182 pending F11 stable updates. WTF?

Jeff Spaleta jspaleta at gmail.com
Sat May 9 03:49:43 UTC 2009


On Fri, May 8, 2009 at 3:20 PM, Adam Williamson <awilliam at redhat.com> wrote:
> That sounds extremely ugly.

It is ugly...that's my point. That little ugly hack is the best way I
know to make a review list of relevant testing updates installed on my
system when I need it..at some time later after package installation.
>From that list I can then go into bodhi and review relevant info about
a package to see if I'm able to make a useful comment.  If I'm going
to be more effective as a tester..and more active as a commenter..i'm
going to need help getting info about things on my system that were
installed from testing.  The chronological list of updates on bodhi's
main site isn't that effective for me ..as there's no guarantee or
likelihood that the latest updates listed there are things I've
installed..even though i have updates-testing active.      The first
step in making me more effective is either teach client tools about
what it means for a package to be installed from updates-testing..or
teach bodhi to personalize its view of the update space conditioned on
my system.

For example an optional tie-in between smolt and bodhi would be keen.
A service I can choose to opt into as a tester..which would let me
upload my system's packaging info into smolt (after each yum update)
and then bodhi's interface could access that via the smolt id for my
system ( as browser cookie?) would be perfectly fine for me.
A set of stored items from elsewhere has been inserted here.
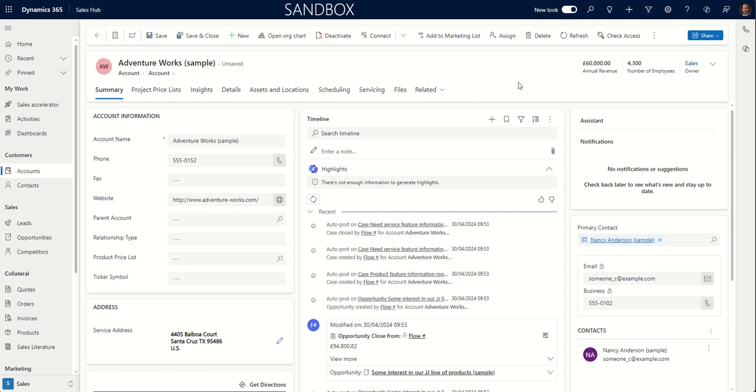If you use email a link, if that email is accidentally sent outside the business, anybody outside the business clicking the link, unless they have a login to Microsoft Dynamics, wouldn't be able to access that record, which makes it much, much more secure.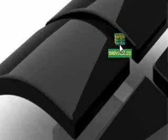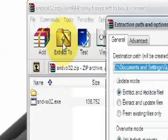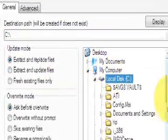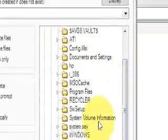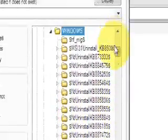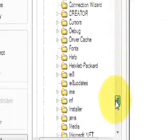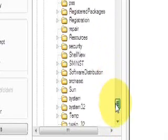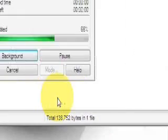What you need to do is open it up and extract it to the System32 folder, which is in your C drive, then Windows, then it should be here. There it is. Extract it into there.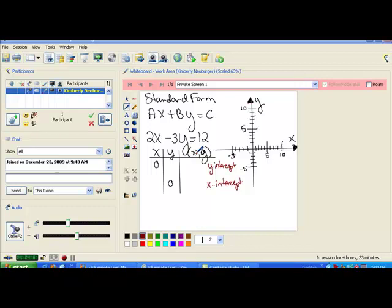Hi class. Today we're going to take a look at graphing using x and y intercepts.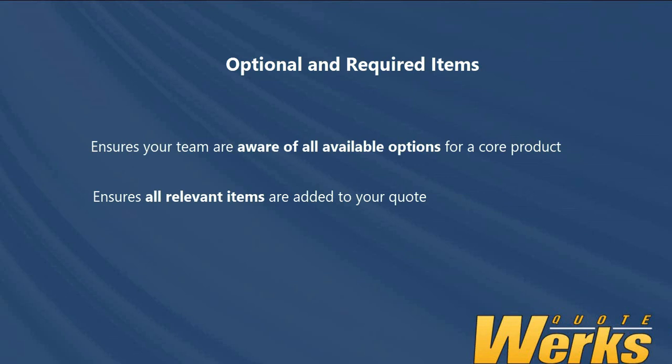As you've seen, it's very easy for the user both to add these optional items to a quote, but also for a system administrator to configure these optional and required item associations. Thank you for watching.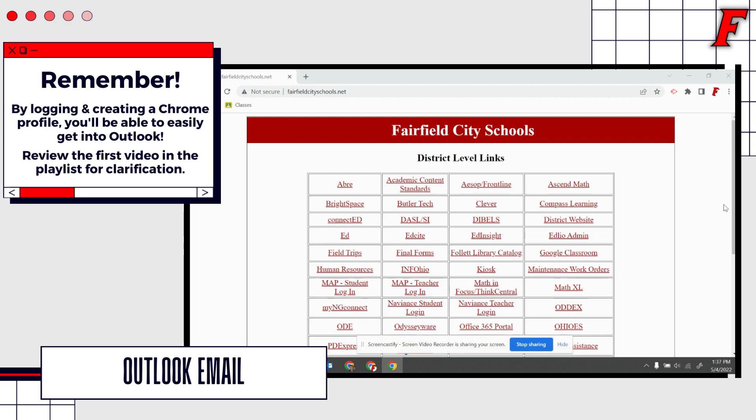Those are some typical things we might utilize our email for. Some things that we should not use our email for would be to sign up for specific promotions from websites or use it for any purchasing. A lot of websites are blocked from sending you emails even if you give them your email address. For instance, even some colleges might not be able to email you at your Fairfield City Schools email address. You will want to keep that in mind as you begin utilizing this email address.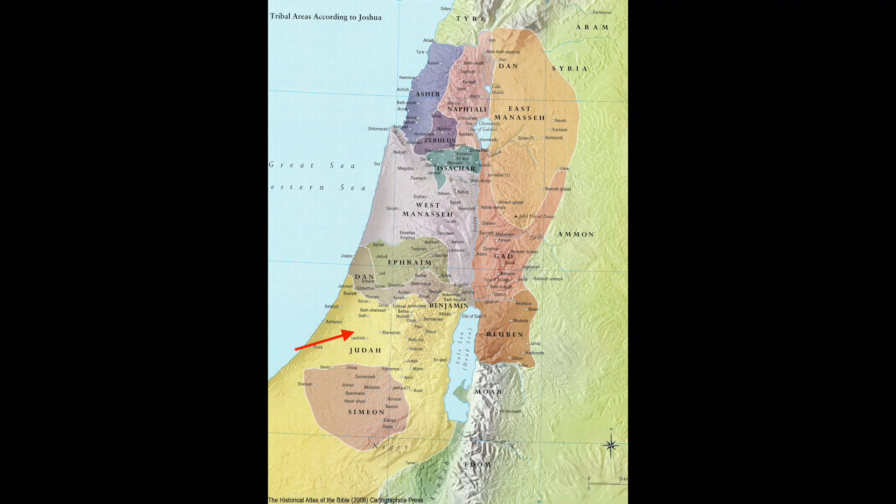Looking here on this map, we see Judah gets this big allotment down in the south of Israel. And if you know the Old Testament story, you know this is really important because the kingdom later splits into two. After David and Solomon, Solomon's son Rehoboam and a man named Jeroboam split the kingdom. Jeroboam takes the northern tribes and sets up his own kingdom, while Rehoboam takes the southern tribe — just the tribe of Judah. So we see the southern kingdom getting set up and we see where the people are supposed to settle.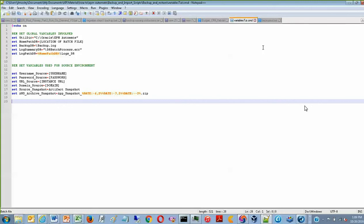Hi, this is Jean-Luc Mosley with Key Performance Ideas, and this is how to create a backup of the Nightly Artifact Snapshot using EPM Automate.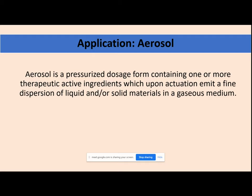Next: application of liquefaction of gases. The most important application from the pharmaceutical point of view is aerosols. An aerosol is a pressurized dosage form containing one or more therapeutically active ingredients, which upon actuation emits a fine dispersion of liquid and/or solid material in a gaseous medium. Examples include inhalers and perfume bottles.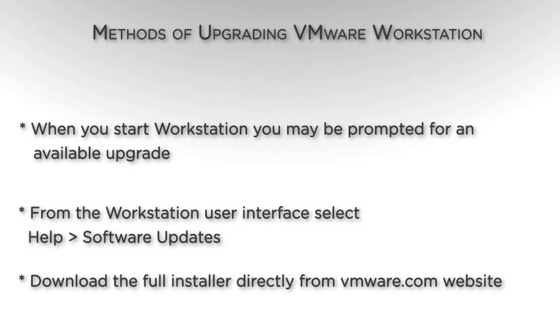When you start Workstation, you may be prompted to an available upgrade. Click Upgrade Now to perform the upgrade.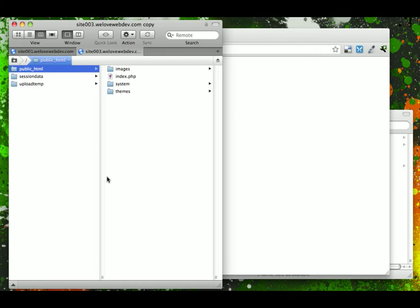Alright, now that our files have uploaded to the server, we can go ahead and move on to the next step of installation, which is going through the install wizard that Expression Engine has built into the software.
I'm
willing to leak the package list from some of my systems into smolt in
order to get a better contributor experience in return. I'd like to be
more helpful than I am..but I need help organizing the firehose. Help
me, help you.

And yes. I know I'm asking for a lot and I'm not stepping up to write
that interface code. I know exactly what that sounds like...it sounds
like whining.  I apologize. I really want to be more effective at
providing feedback for the testing packages I'm consuming and I just
can't seem to string enough spare minutes together to be very
effective at it. Cutting down the time it takes for me to organize
what I'm looking for would be a step forward.  This is as much a
criticism of my own inability to be effective as it is about the
toolset not being able to help me surpass my own shortcomings. But
knowing what I know... I'm far more hopeful that the right people can
make the tools better than  I am about the chances that I'll become
inherently more productive...though I'm sure the pharmaceutical
industry will rise to the challenge.